De forma simbólica, o ato de desfazer-se de objetos guardados representa uma forma de superação de memórias antigas, e de dizer “adeus” ao passado, vivendo o presente.

 

 

A PULGA FALANTE

 

A PULGA FALANTE

                                                        Maria da Glória Colucci     

 

 

                                    Cansada de não ser ouvida nas Assembleias dos Bichos, a pulga decidiu que ia fazer um curso de oratória.

                                    Começou por longa pesquisa sobre a duração, o preço e os professores disponíveis.

                                    Surpreendeu-se, positivamente, com a variedade e os valores acessíveis cobrados dos interessados, além das exigências quanto ao treinamento dos alunos...

                                    Muitos dos concluintes, conforme a pulga constatou, se destacaram pelo brilho dos seus discursos na festa de formatura, dentre os quais o tucano...

                                    Entusiasmada, iniciou as aulas, dedicando-se, fervorosa e atenta, aos exercícios vocais...

                                    Treinou o tom de voz que, apesar de fraca, pela sua pequena estatura, era agradável e melodiosa.

                                    Seus esforços lhe valeram alegrias, considerando-se satisfeita quando recebeu o certificado de aptidão em oratória...

                                    Marcada a Assembleia Anual dos Bichos, a pulga inscreveu-se como oradora na abertura do esperado evento; quando eram apresentadas novas propostas em benefício dos mais vulneráveis...

                                    O microfone foi ajustado no máximo de sua potência, para que sua tímida voz fosse ouvida por todos.

                                    Recebeu muitos aplausos, como aconteceu com todos os oradores que participavam da abertura...

                                    Terminada a Assembleia, constatou a esforçada pulga que nenhuma das propostas inovadoras foi aprovada, nem sequer examinada...

                                    Foram mantidos os mesmos procedimentos e privilégios de sempre.

                                    Retornando à sua morada, sentiu profunda tristeza e decepção com o ocorrido, apesar de seu empenho e preparo.

                                    Então, ao passar, ouviu o papagaio conversar com a arara dizendo:

                                    – Vencemos mais uma vez!
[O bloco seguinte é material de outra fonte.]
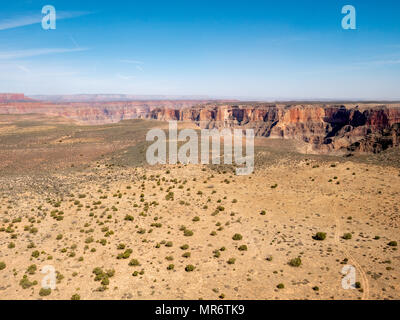 Vista aerea del West Rim del Grand Canyon da elicottero Foto Stock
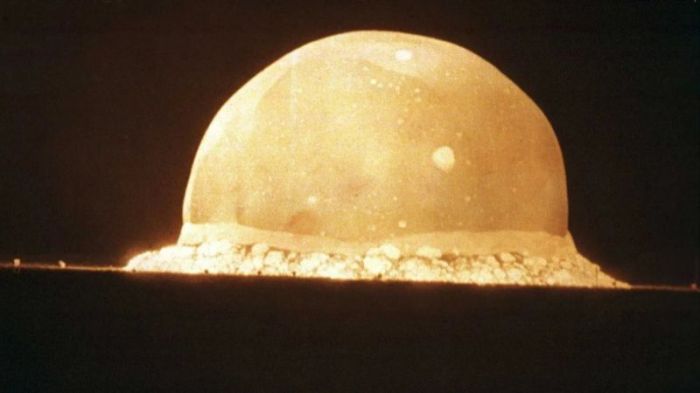 شكلت أول عملية تفجير قنبلة ذرية بداية حقبة خطيرة في تاريخ البشرية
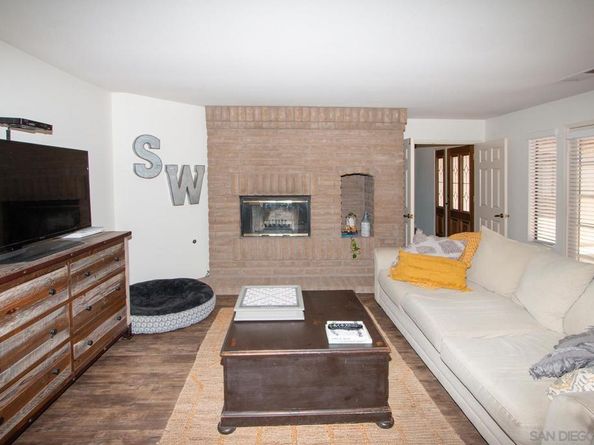 1115 Inspiration Lane, Escondido CA 92025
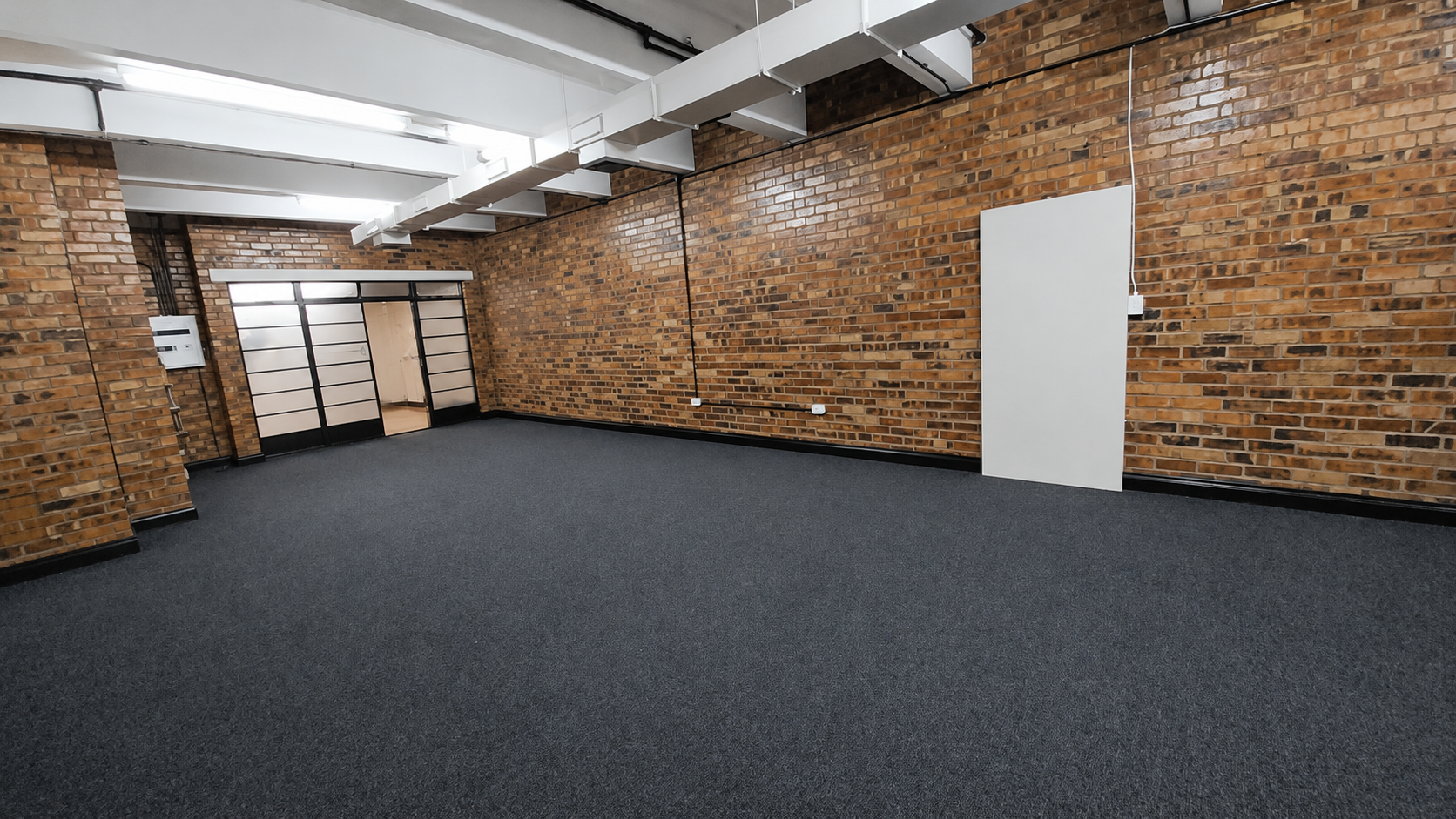 110m² Office Space to rent at Manhattan Place in Cape Town CBD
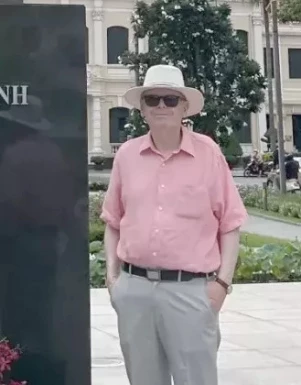 English men looking for love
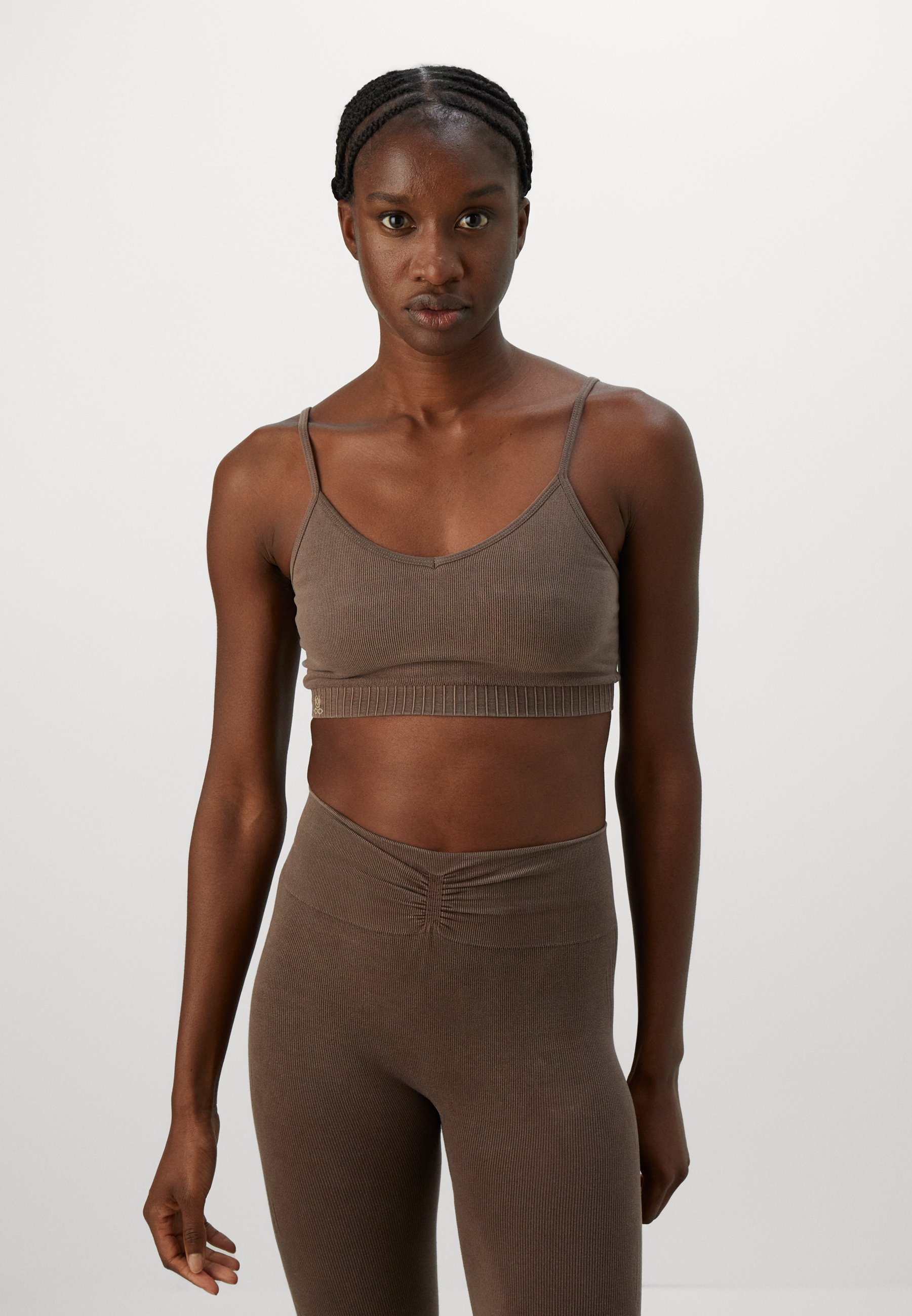 Yogasearcher SAMSKARA - Reggiseno sportivo contenitivo leggero - moka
Tudo ficou como antes!

                                    Ao que a arara replicou:

                                    – Tolos! Ainda não entenderam que suas ideias não interessam aos maiorais?

                                    Foi, então, que a pulga compreendeu o abismo existente entre seus sonhos de mudanças e inovação e a realidade dos fatos. 

                                    A coruja, com sua proverbial sabedoria, vendo o desanimo da pulga e seus inúteis esforços, acrescentou:

                                    – Não desanime! Os sonhadores são os únicos que podem resistir ao tradicionalismo e promoverem mudanças...

                                    Em silêncio, a pulga prosseguiu em seu caminho, nutrindo leve esperança que, talvez, algum dia, sua fraca voz pudesse ser ouvida pelos governantes..., em prol dos mais vulneráveis. 

 

 

A exclusão social dos mais pobres e vulneráveis somente será extirpada pelo acesso à educação e pleno exercício dos direitos.